Data below: Begin

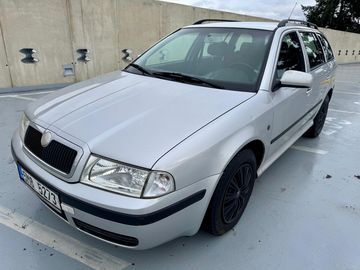 BEZ KOROZE, SERVISKA,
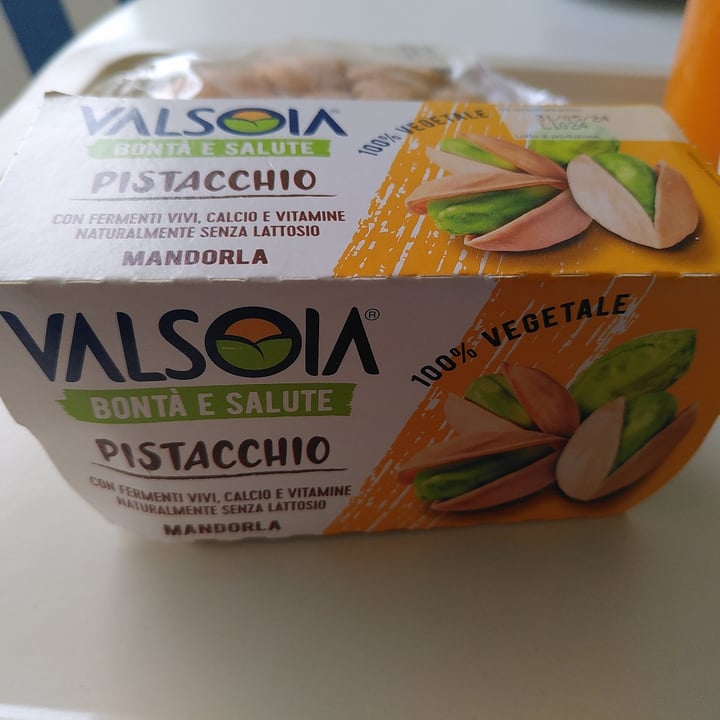 photo of Yogurt valsoia pistacchio shared by @merry-cherry-veg on  01 May 2024 - review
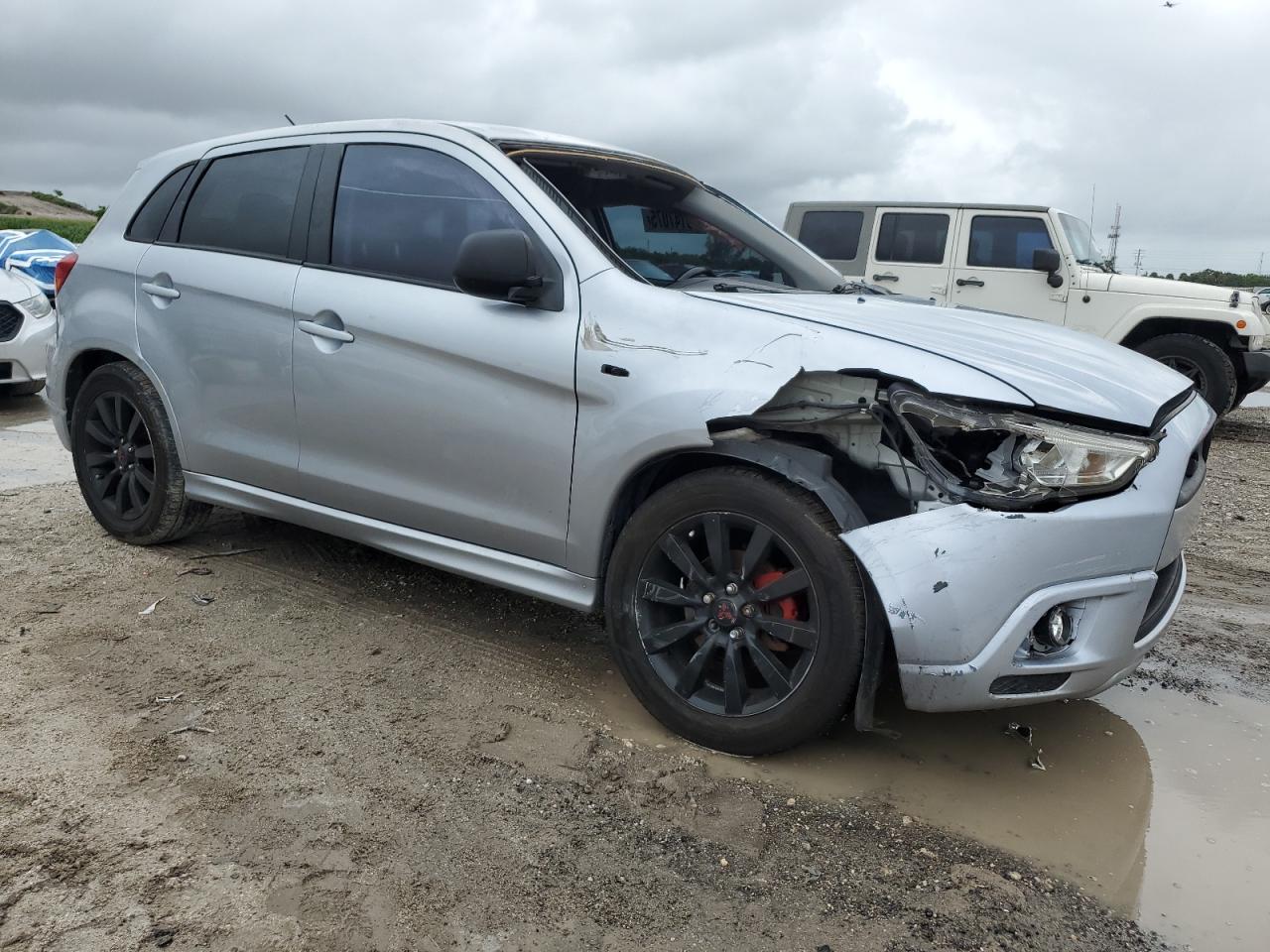 MITSUBISHI OUTLANDER SE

Data below: End

● **Work instruction**
Could you please return each line of the material exactly, dropping the pictures?

● **Response area**
 BEZ KOROZE, SERVISKA,
 photo of Yogurt valsoia pistacchio shared by @merry-cherry-veg on  01 May 2024 - review
 MITSUBISHI OUTLANDER SE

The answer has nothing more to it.